Ready-Made Pipelines

Haystack comes with a number of predefined pipelines that fit most standard search patterns, allowing you to build a QA system in no time. Here's a list of the out-of-the-box pipelines Haystack offers.

πŸ“˜

Pipelines as Agent tools

You can use the following ready-made pipelines as tools for your agent:

  • WebQAPipeline
  • ExtractiveQAPipeline
  • DocumentSearchPipeline
  • GenerativeQAPipeline
  • SearchSummarizationPipeline
  • FAQPipeline
  • TranslationWrapperPipeline
  • QuestionGenerationPipeline

ExtractiveQAPipeline

Extractive QA is the task of finding the answer to a question in a set of documents by selecting a segment of text. The ExtractiveQAPipeline combines the Retriever and the Reader such that:

  • The Retriever combs through a database and returns only the Documents it thinks are the most relevant to the query.
  • The Reader accepts the Documents the Retriever returns and selects a text span as the answer to the query.
pipeline = ExtractiveQAPipeline(reader, retriever)
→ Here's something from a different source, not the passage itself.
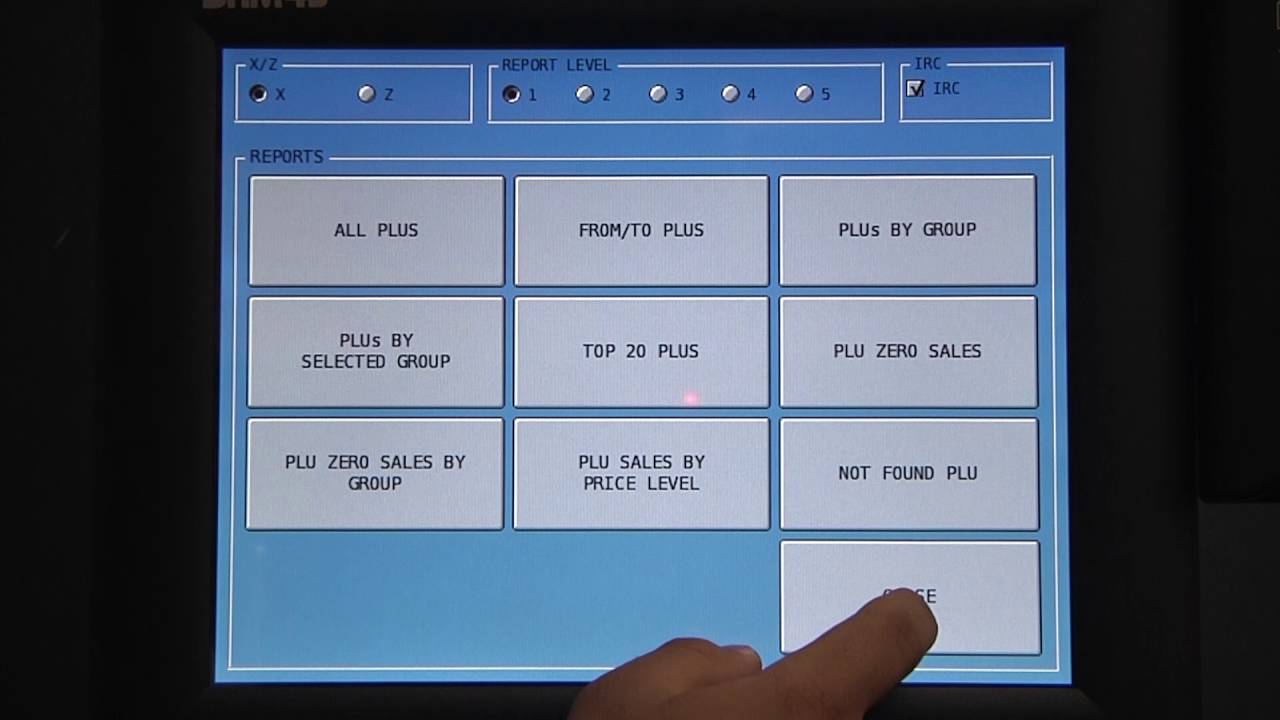 WriteTouch POS - SPS 2000 - Reporting  - Video Reference Guide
query = "What is Hagrid's dog's name?"
result = pipeline.run(query=query, params={"Retriever": {"top_k": 10}, "Reader": {"top_k": 1}})

The Underlying Pipeline Structure

Here's what the pipeline looks like under the hood:

pipeline = Pipeline()

pipeline.add_node(component=retriever, name="Retriever", inputs=["Query"])
pipeline.add_node(component=reader, name="Reader", inputs=["Retriever"])
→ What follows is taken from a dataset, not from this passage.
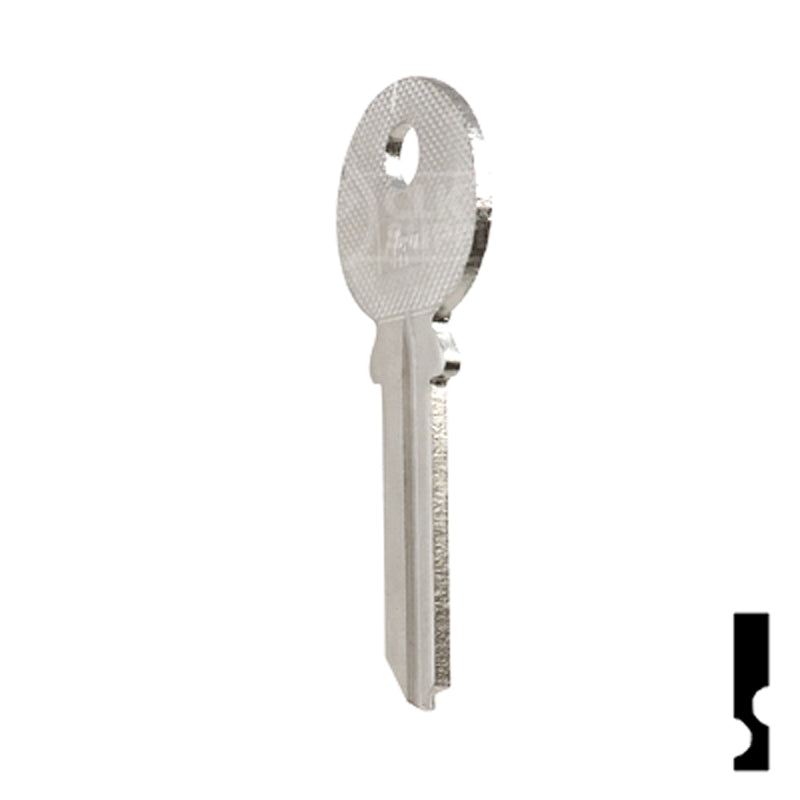 Uncut Key Blank | Abus Padlock | AB4 Padlock Key Ilco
result = pipeline.run(query=query, params={"Retriever": {"top_k": 10}, "Reader": {"top_k": 1}})

The output of the pipeline is a Python dictionary with a list of Answer objects stored under the answers key. These provide additional information such as the context from which the Answer was extracted and the model’s confidence in the accuracy of the extracted Answer.

You can use the print_answers() function to cleanly print the output of the pipeline.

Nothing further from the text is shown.